One of the steep and narrow lanes mentioned above is that which runs down beside this garden, where Bettesworth's work lay. It is picturesque enough, beneath its deep banks and hedgerows and overhung by my garden trees; but that is of no moment here. Within Bettesworth's memory it afforded access even for a waggon right down to "the Lake," and so over into the meadow opposite; but the last hundred yards of it, from Mrs. Skinner's cottage downwards, have long been washed out into a mere foot-track, deeply sunk between its banks, swooping down precipitously to the stream-level, and scarce two feet wide. So you emerge from the sand cliffs, and the valley is before you. Then the footpath winds along to the left (eastwards), having the cliff on one hand and the stream on the other, to a wider stretch, until with this for its best approach you come to a little hovel of three rooms and a lean-to shed, standing with its back walls close in against the sandy cliff.
At the period we are dealing with, this cottage had a poverty-stricken appearance, upon which Bettesworth himself had been wont to comment severely, though the place was in reality no worse than others beyond it and elsewhere in the parish. But it had suffered from utter neglect under the previous tenant, a thriftless Irishman, while, after the Irishman left, it stood empty for a time, and looked like falling quite derelict. Then, however, the landlord had a few repairs done, and at the end of September, to my amazement, I heard from Bettesworth that he had taken it. He would save eighteen-pence a week by the change: the new rent was only two shillings.

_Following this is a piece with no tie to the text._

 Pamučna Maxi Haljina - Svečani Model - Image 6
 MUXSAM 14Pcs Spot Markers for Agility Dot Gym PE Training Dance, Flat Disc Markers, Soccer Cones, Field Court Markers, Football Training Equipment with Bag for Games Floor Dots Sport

Ought I to have expostulated? Perhaps I should have done so, but for the queer expression in the old man's face when telling me his intention. There was some shame, but more of dogged defiance. "You think what you like," so I interpreted it--"that's the place I'm going to." He was armed, too, with testimony in favour of the cottage.
"Skinner" (the bricklayer) "says he don't see why it shouldn't make a very nice little place for two. He done up the roof there t'other week, and he ought to know." Later, the old man repeated Skinner's opinion, and added, "I think _I_ can make it comfortable. Ye see, there en't bin nobody to try before."
This was true enough. The Irishman's tenancy had not in any sense improved the cottage. The place could not be worse used, and it might conceivably be fairly habitable in more careful hands.
During the first week in October Bettesworth effected his removal. It was an inauspicious time. He had been counting upon the stream-bed for a roadway along which to cart his things, so as to avoid scrambling up and down the devious pathways and tracks that led to the cottage, but, unfortunately, the stream this week was in flood. A cart might, indeed, have struggled along it, and one was, in fact, bespoken--Jack Crawte's, to wit; but at the appointed time the cart failed to arrive, and upon Bettesworth's going to inquire for it, he discovered that the Crawtes were all gone into the town to the fair.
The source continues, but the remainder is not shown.